▶ _Task to carry out_
Give back exactly the stretch of data below from the line holding "Avengers Endgame POP!" through the line holding "Stříbrný řetízek dlouhý - pancer", both ends included, and leave the remaining lines out.

▶ _Data in this exercise_
################

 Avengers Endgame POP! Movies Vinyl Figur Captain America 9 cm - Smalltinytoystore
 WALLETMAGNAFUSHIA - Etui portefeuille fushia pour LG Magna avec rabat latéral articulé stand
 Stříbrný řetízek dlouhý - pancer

################

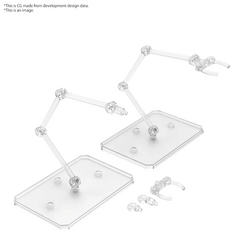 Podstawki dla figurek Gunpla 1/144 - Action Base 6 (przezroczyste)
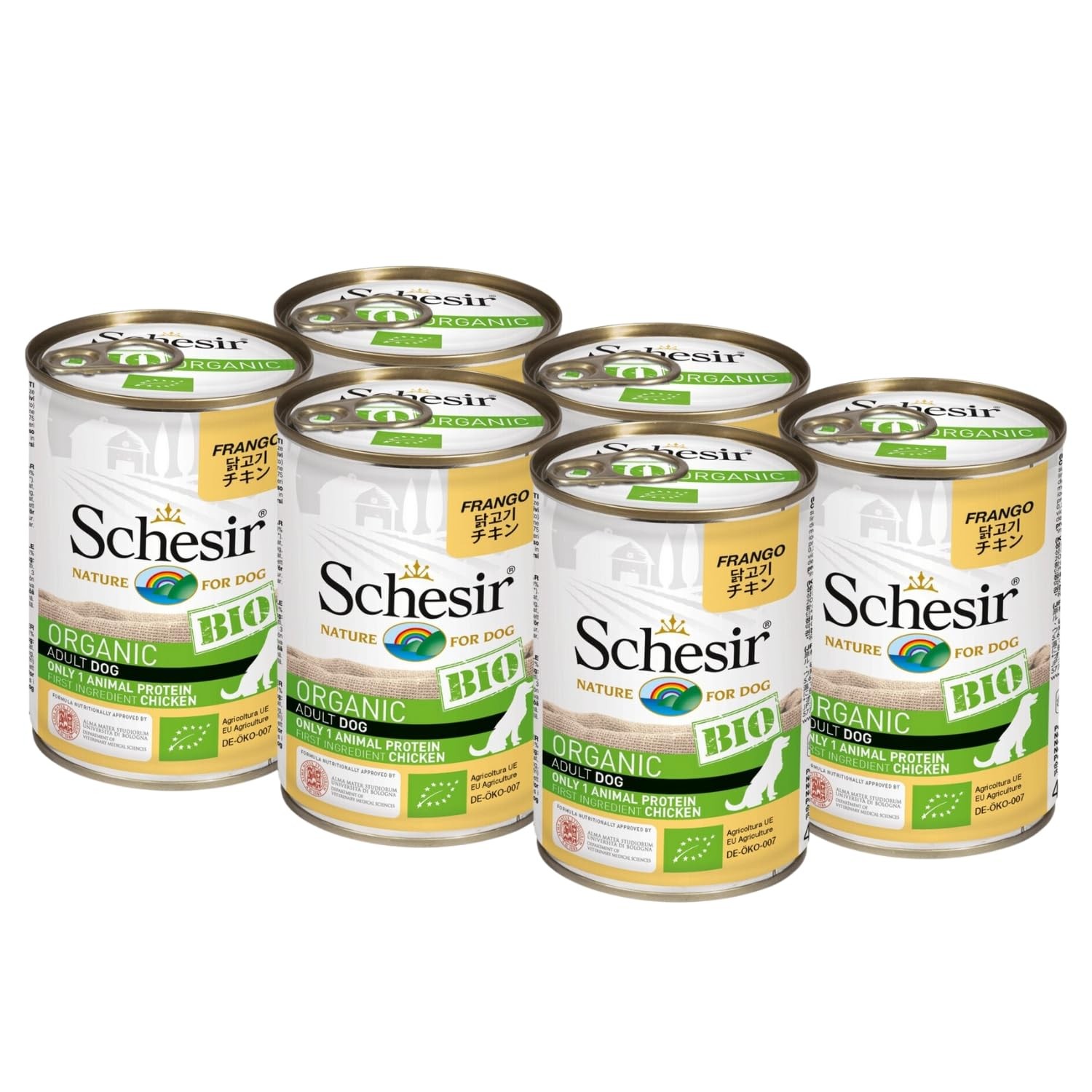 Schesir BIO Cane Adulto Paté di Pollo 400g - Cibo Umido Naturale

################

▶ _Exercise output_
 Avengers Endgame POP! Movies Vinyl Figur Captain America 9 cm - Smalltinytoystore
 WALLETMAGNAFUSHIA - Etui portefeuille fushia pour LG Magna avec rabat latéral articulé stand
 Stříbrný řetízek dlouhý - pancer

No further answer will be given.